Through Formula (2), we can get

$$ D\ge \frac{\sum \limits_{i=1}^K{C}_i-N}{K-1} $$

(3)

Through Formula (3), we define

$$ {D}_{\mathrm{min}}=\frac{\sum \limits_{i=1}^K{C}_i-N}{K-1} $$

(4)

If D_min ≥ 0, this means that the maximum number of channels required by each cell at its respective service level in a block is greater than the total number of channels available to the system. That is $ N\le \sum \limits_{i=1}^K\underset{i}{\max}\left({c}_i(t)\right) $. At this point, if the business requirements of each cell reach the peak at the same time, the system cannot meet the required performance indicators.

If D_min = 0, it means that the capacity that the system can provide can meet the needs of the users in each district, that is $ N=\sum \limits_{i=1}^K\underset{i}{\max}\left({c}_i(t)\right) $. At this point, according to the number of channels that the system just meets the maximum traffic needs of each cell, this situation is also the case of the highest resource utilization. The specific channel allocation satisfies F_i = C_i, (i = 1, 2, ⋯K), the free channel D = 0

If D_min ≤ 0, this means that the number of channels provided by the system is greater than the sum of the peak number of channels needed by each cell in a cluster to satisfy its respective service levels, that is $ N\ge \sum \limits_{i=1}^K\underset{i}{\max}\left({c}_i(t)\right) $. In this case, the user’s demand does not reach the system capacity, so only a certain number of channels need to be allocated to each cell to meet the demand, and the remaining number of channels can be set as a dynamic allocation part, so the enhancements learning algorithm can be used to allocate the free channel.

b)
Scheduling time does not conflict;

In the training phase, a conflicting coefficient is obtained by recording the channel in which a conflict occurs at a certain scheduling time. After the training phase is over, a channel conflict distribution table can be obtained. The conflict coefficient of non-conflict scheduling time is 0, and the more conflict time, the greater the conflict coefficient.

c)
Channel quality

According to the channel estimation, the channel quality of the idle channel can be divided into three levels according to the channel quality from high to low:

The best channel quality = 10;
The qualifying channel quality = 5;
The worst channel quality = 0;

d)
GoS (grade of service)

According to the requirement of GoS, the priority of channel assignment can be divided into the following 4 categories:

Emergency business level, level = 100;
High priority business level, level = 50;
Medium priority business level, level = 30;
Low priority business level, level = 10.

3)
Channel assignment action A

Channel allocation action is to select which channel to allocate among the free channel resources, and it also needs to reflect the service level information.

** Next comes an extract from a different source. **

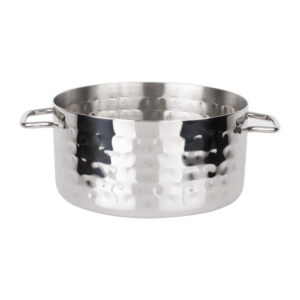 Olympia Tischpräsentation Mini-Kasserolle Hammerschlag 675ml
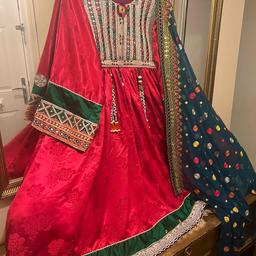 Hand embroidered afghani kuchi clothes . 3 piece . New .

We use a 5-bit binary representation in which the lowest bit denotes whether the channel is allocated, if allocated, is 1, otherwise 0. The second and third bits represent the channel quality, with the best quality is 10, the qualifying quality is 01, and the worst quality is 00, 11 reserved. The fourth and fifth bits are the service level, the emergency service is 11, the high priority is 10, the middle priority is 01, and the low priority is 00.

In this way, we discretize the channel state into the above four variables, the total number of channels is N. So the channel state table of the intelligent channel allocation device contains 4 × N elements, called channel state mode matrix.

After quantifying the three elements of the reinforcement learning algorithm, we can design the intelligent channel allocation algorithm according to the flow of the reinforcement learning algorithm.

Intelligent channel allocation algorithm uses the Q-learning learning algorithm of reinforcement learning algorithm and chooses the evaluation value Q of channel allocation action instead of the state value as the basis of channel allocation. This is because the evaluation of Q value is relatively objective, it is not necessary to assume the current channel allocation, and the iterative Q-learning algorithm is policy-independent, it always selects the maximum Q value as the iterative input. After iterations, the Q value learned will gradually approach the real Q value.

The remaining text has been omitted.